Pauline gloussa et Arturo Marino changea de couleur. Son visage olivâtre devint plus sombre encore et il bourra sa pipe d’un doigt fébrile. Était-il jaloux de ce rêveur de Michel ? Hum, pas si rêveur puisqu’il était capable de faire une cour assidue à une autre femme, Marjorie le savait fort bien.
— Vous avez choisi votre déguisement ? demanda Pauline à Marjorie.
— Déguisement, ricana Vicky. Nous ne sommes plus des enfants. Il s’agit plutôt de costumes.
Sans paraître piquée par cette mise au point, Pauline Bosson raconta que ses chers petits voulaient se déguiser en nains mais cherchaient une Blanche-Neige.
— Habillez-les en petits démons avec des fourches, dit Vicky qui n’avait jamais été aussi féroce. Ils piqueront le derrière de tous les danseurs et ce sera rigolo.
— Oh, non ! s’offusqua la brave femme, je ne ferai jamais une chose pareille. Ma chère Marjo, avez-vous trouvé une idée ?
— Je n’y ai pas encore songé.
— Moi, je veux des voiles, dit Vicky, transparents. J’ai envie de quelque chose de vaporeux. Du moins pour le haut du corps. Après tout, j’ai de jolis seins, n’est-ce pas ?
— Parfaits, dit Marino.
— Pourquoi les montrerais-je seulement l’été ? Je crois qu’il y aura pas mal de monde dans la salle du Club House… Ce sera parfait.
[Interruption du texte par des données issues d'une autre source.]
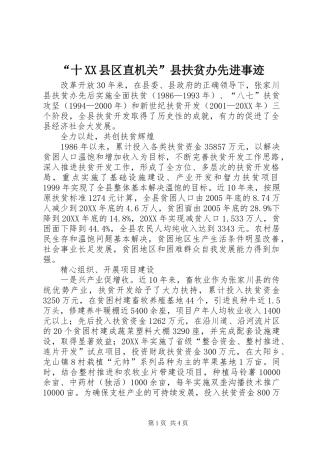 十县区直机关县扶贫办先进事迹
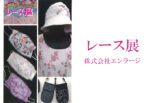 レース展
On aurait pu faire un feu d’artifice sur le port.
Est-ce que son mari se déguiserait ? Marjorie l’imagine en Diafoirus et réprima un sourire. Cet habit aurait mieux convenu à son mari, mais ce dernier, comme toujours, se déguiserait en Napoléon d’asile psychiatrique, avec un entonnoir sur la tête en guise de bicorne. Chaque année, il faisait un succès avec. On trouvait d’un humour parfait de ne pas prendre au sérieux son métier de psychiatre.
— Ringo, apportez-nous quelque chose à grignoter…
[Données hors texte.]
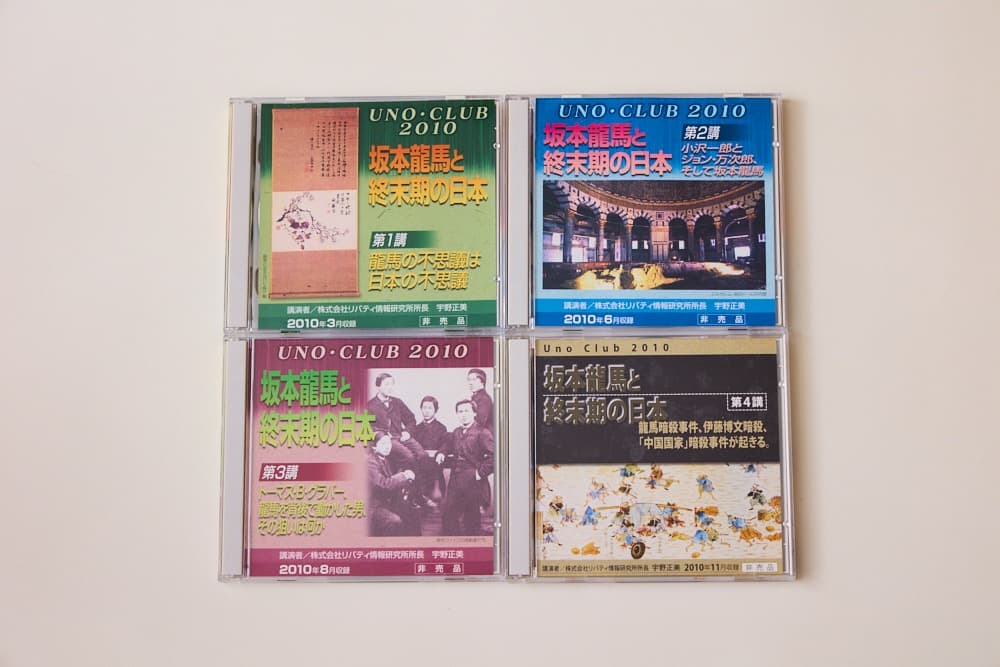 【超希少】宇野正美 UNO CLUB 40枚＋ベンジャミンCD・雑誌計38点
— Je n’ai pas grand-chose… Des olives farcies, des moules à l’escabèche.
— Parfait… Et renouvelez ces consommations.
Les quatre affreux, malgré le vacarme des flippers, avaient tout entendu et rappliquèrent. Marjorie se demandait si Pauline ne comptait pas sur cette nourriture gratuite pour économiser sur ses dîners.
— Mon Dieu, j’aurais dû prendre la voiture, murmura Vicky au moment de mettre le nez dehors. Je ne supporte pas ce sable dans le visage et les cheveux.
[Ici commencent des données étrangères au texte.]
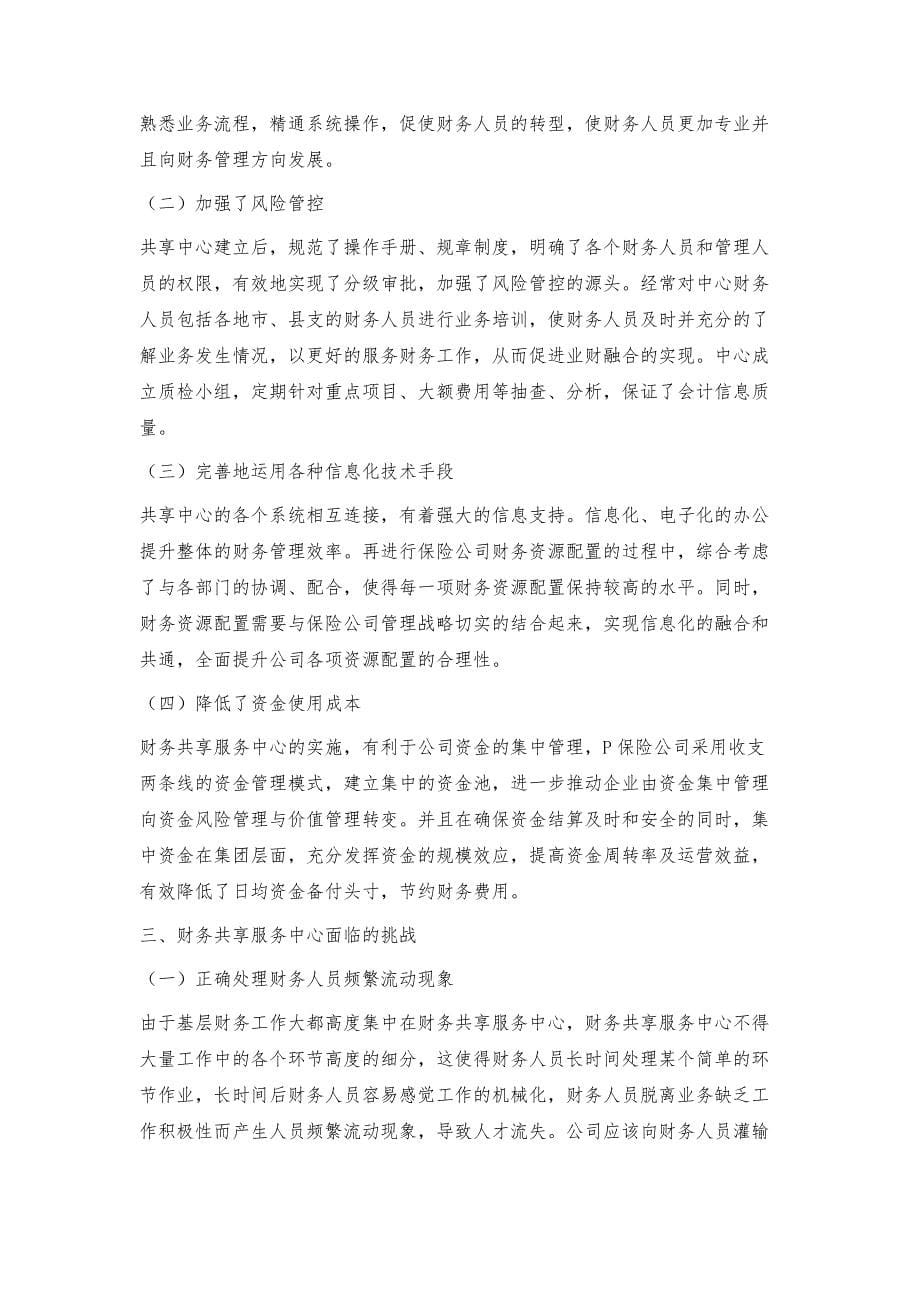 P保险公司财务共享服务中心的建设研究_第5页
— Vous n’habitez pas si loin, répondit Pauline Bosson. Je vais vous raccompagner.
— Ce n’est pas la peine, Arturo prend le même chemin que moi.
Pauline comprit parfaitement et partit avec Marjorie. Peut-être espérait-elle vaguement une invitation de dernier moment.
— Vous êtes seule, ce soir ?
— Je ne sais pas, répondit prudemment Marjorie qui ne comptait nullement la faire monter chez elle avec sa horde.
— Vous savez que votre pyramide est la moins habitée, l’hiver ? Combien y a-t-il d’appartements ouverts ? Et pour la plupart, ce sont de vieilles personnes qui ne sortent pas souvent.
— Auriez-vous peur à ma place ? demanda Marjorie soudain frappée par cette réflexion.
— Oh ! je ne dis pas ça, mais tout de même…
Marjorie la quitta assez brusquement, se demandant si la grosse Bosson n’était pas chargée de l’inquiéter… Cette blague finirait par devenir odieuse.
En enfonçant sa clé dans la serrure de sa porte, elle baissa machinalement les yeux et vit les gouttes de liquide sombre. Sans même avoir besoin de le vérifier, elle sut que c’étaient des gouttes de sang.